P. I. - Pour en revenir à l'action politique, l'Occitanie a lancé le premier parlement de la mer...
P. K. - Il faut nuancer : la première instance consultative liée à la mer est la conférence régionale mer et littoral de Bretagne, instaurée en 2009. Mais dans un cas comme dans l'autre, ces instances revêtent une très grande importance. S'y côtoient tous ceux qui font la force de ce que sera la maritimité française de demain : les services administratifs de l'État, qui ont le pouvoir réglementaire et de contrôle ; les services des collectivités, qui ont des moyens d'intervention et d'investissement - la région finance, en effet, l'innovation ; certaines entités de financement liées à l'État, comme les appels à projets du commissariat général à l'investissement ou la BPI ; les secteurs professionnels, qui sont concernés par ces investissements ou par des activités considérées comme plus traditionnelles comme la pêche et la conchyliculture ; les associations de plaisanciers ou de protection de l'environnement, qui ont elles aussi leur rôle à jouer. C'est par cette gouvernance à plusieurs que peuvent émerger des projets.
Dans le cas de la création d'un parc d'éoliennes flottantes, par exemple, il faut des investissements, un cadrage réglementaire, un point de vue environnemental, une évaluation de la faisabilité du projet, une prise en compte des conflits potentiels et de la cohabitation avec les autres usages comme la pêche ou la plaisance. Étudier indépendamment les uns des autres ces différents sujets rend le problème inextricable. Mais, en se parlant régulièrement, en partageant des visions de développement des territoires, tous ces acteurs permettent à ce type de projets d'avancer.
C'est en cela que ces instances - la Normandie a d'ailleurs elle aussi mis en place une organisation similaire, et les Pays de la Loire sont en train de le faire - sont utiles.
P. I. - Si les savoir-faire sont différents d'une région à l'autre, le changement climatique fait partout sentir ses effets. Même si les approches peuvent varier...
P. K. - Le changement climatique nous place face à deux défis qui ne se gèrent pas de la même façon selon les endroits. Le premier est la réponse au risque qu'il implique. La mer monte, les tempêtes gagnent en intensité. Le problème ne se pose pas dans les mêmes termes sur le littoral atlantique et en Méditerranée. Les contraintes ne sont pas identiques, les menaces non plus. Le deuxième défi est celui de la réponse au réchauffement climatique. Il est possible de trouver des solutions communes en la matière, comme par exemple les énergies renouvelables marines, qui sont décarbonées. Si les technologies peuvent se partager, les habitudes culturelles de dialogue avec les plaisanciers, avec les pêcheurs ne sont en revanche pas les mêmes selon les territoires. Dans les discussions nécessaires pour mener à bien ces projets, il est impossible de négliger la dimension locale et régionale.

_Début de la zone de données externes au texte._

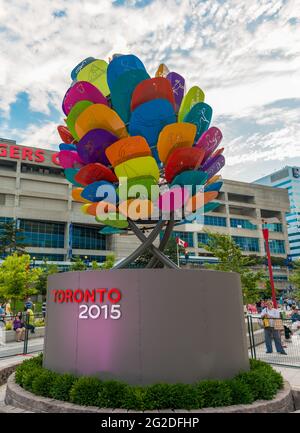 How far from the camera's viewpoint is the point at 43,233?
54.1 meters

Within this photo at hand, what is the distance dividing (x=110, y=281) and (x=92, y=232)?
52604 mm

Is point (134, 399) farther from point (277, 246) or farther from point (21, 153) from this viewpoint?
point (277, 246)

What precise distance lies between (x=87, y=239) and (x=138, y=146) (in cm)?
5161

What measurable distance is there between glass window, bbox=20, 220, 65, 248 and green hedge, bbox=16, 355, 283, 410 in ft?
159

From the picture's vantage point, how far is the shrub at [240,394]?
5.67 metres

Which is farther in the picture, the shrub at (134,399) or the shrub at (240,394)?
the shrub at (240,394)

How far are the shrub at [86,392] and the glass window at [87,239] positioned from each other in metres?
51.0

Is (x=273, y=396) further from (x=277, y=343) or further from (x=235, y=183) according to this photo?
(x=235, y=183)

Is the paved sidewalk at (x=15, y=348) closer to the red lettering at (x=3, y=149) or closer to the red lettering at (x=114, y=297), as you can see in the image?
the red lettering at (x=114, y=297)

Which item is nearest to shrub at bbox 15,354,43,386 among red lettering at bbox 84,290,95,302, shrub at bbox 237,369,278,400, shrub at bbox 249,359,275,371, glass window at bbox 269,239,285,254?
red lettering at bbox 84,290,95,302

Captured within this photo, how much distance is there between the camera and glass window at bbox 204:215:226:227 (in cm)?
6609

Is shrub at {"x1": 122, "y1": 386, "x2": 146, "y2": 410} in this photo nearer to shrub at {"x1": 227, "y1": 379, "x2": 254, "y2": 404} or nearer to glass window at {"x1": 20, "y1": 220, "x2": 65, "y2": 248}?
shrub at {"x1": 227, "y1": 379, "x2": 254, "y2": 404}

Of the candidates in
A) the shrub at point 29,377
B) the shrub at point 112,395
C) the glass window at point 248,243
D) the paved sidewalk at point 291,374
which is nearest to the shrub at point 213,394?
the shrub at point 112,395

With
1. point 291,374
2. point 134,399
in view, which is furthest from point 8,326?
point 134,399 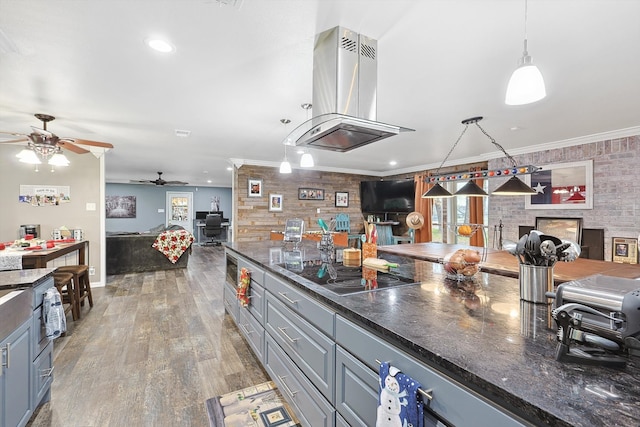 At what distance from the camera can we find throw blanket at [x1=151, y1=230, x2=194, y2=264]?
5.80 metres

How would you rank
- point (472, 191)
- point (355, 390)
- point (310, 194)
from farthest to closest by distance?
point (310, 194) < point (472, 191) < point (355, 390)

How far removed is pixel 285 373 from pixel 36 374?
4.53 feet

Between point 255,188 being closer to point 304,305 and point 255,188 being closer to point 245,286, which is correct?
point 245,286

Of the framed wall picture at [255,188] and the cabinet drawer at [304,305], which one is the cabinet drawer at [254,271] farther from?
the framed wall picture at [255,188]

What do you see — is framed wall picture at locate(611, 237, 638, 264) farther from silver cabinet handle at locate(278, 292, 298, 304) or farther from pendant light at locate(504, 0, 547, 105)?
silver cabinet handle at locate(278, 292, 298, 304)

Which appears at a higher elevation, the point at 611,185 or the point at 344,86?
the point at 344,86

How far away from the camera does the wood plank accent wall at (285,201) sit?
239 inches

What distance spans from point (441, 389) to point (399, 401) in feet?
0.45

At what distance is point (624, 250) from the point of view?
3639 mm

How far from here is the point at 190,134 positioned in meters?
3.93

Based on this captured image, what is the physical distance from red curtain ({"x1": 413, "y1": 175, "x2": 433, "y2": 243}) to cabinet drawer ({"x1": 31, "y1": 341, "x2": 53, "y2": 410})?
237 inches

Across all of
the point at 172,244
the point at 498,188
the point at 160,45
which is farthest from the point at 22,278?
the point at 172,244

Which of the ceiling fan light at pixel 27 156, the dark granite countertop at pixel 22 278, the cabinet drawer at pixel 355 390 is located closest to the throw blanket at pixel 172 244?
the ceiling fan light at pixel 27 156

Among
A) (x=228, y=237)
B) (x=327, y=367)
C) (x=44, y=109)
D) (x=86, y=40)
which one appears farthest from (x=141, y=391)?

P. I. - Dans l'imaginaire collectif, la représentation des gens de mer oscille entre l'image romantique des navigateurs et la violence des pêcheurs en colère. Aujourd'hui, cette image devient plus politique. Vous en êtes la parfaite illustration : océanographe de formation, vous avez suivi le chemin de l'élection pour défendre les mers et les océans. Les merriens ont-ils enfin compris qu'ils devaient être représentés par eux-mêmes ?
P. K. - Absolument, et c'est essentiel. Je ne suis chargé des questions maritimes au conseil régional de Bretagne que depuis 2012, mais j'observe un milieu de décideurs politiques, institutionnels, financiers qui sont profondément terriens et qui ne voient la mer qu'à travers la dimension des loisirs ou comme un espace qu'il faudrait mettre sous cloche, qu'il ne faudrait plus toucher : ils voudraient que rien ne change. Or le développement d'un territoire est impossible si rien ne change. Le changement est la norme : Rome ne s'est pas faite en un jour.
Il est essentiel, à mes yeux, qu'à tous les niveaux de décision ceux qui ont une sensibilité maritime soient présents. Ils doivent arriver à faire comprendre que la mer ne fonctionne pas comme la terre, et qu'elle nécessite un état d'esprit particulier. Je vois souvent les terriens essayer de reproduire en mer les schémas existants à terre, comme les cadastres. Or la mer est toujours dynamique. S'il n'existe pas de propriété privée en mer, il y a bien une raison ! Il est important que les merriens disposent d'une capacité d'influence, et j'estime que nous sommes encore trop peu nombreux.
P. I. - Les merriens, au sein de leurs régions respectives, s'unissent, s'organisent, commencent à monter en puissance. Allez-vous réussir à faire comprendre aux terriens que nous avons besoin d'un ministre de la Mer ?
P. K. - C'est vrai, partout dans les collectivités locales, dans les départements, dans les régions, cette question maritime est devenue un enjeu, en tout cas dans les collectivités maritimes. Cette évolution est très positive. Au sein de l'association des régions de France, le groupe de travail que nous avons institué permet de coordonner les points de vue. Les régions commencent à disposer d'une compétence portuaire. Il est vrai qu'il nous faut arriver à toucher l'échelon central, puisque notre pays reste très centralisé - et Paris a le gros défaut de ne pas être au bord de la mer, ce qui empêche les plus hauts dirigeants de bien saisir les enjeux maritimes.
La France a déjà eu des ministres de la Mer. Je ne suis personnellement pas très favorable à un ministre de plein droit. Je connais le fonctionnement de nos institutions étatiques, et un ministère fonctionne souvent en silo, de façon trop indépendante des autres. Or les questions maritimes demandent une très forte coordination au niveau interministériel. C'est la raison pour laquelle j'ai dit récemment qu'il ne faut pas un ministre de la mer mais un premier ministre de la mer.
P. I. - Il y a déjà un secrétaire général de la mer...
P. K. - Certes, mais il s'agit d'un haut fonctionnaire. Je n'ai rien contre cette fonction, mais la mer doit être présente au niveau politique. Le premier ministre actuel, ancien maire du Havre, a selon toute vraisemblance développé une vision maritime. Mais il est nécessaire à mon sens de retrouver une incarnation politique au plus haut niveau du gouvernement. J'avais proposé un temps un secrétaire d'État placé auprès du premier ministre, qui coordonne et pilote la politique maritime du pays. Car, je le répète, la dimension interministérielle est vraiment essentielle. Le secrétariat général à la mer coordonne des administrations ; il ne peut pas coordonner des ministres. Or nous avons besoin de quelqu'un qui parle aux ministres.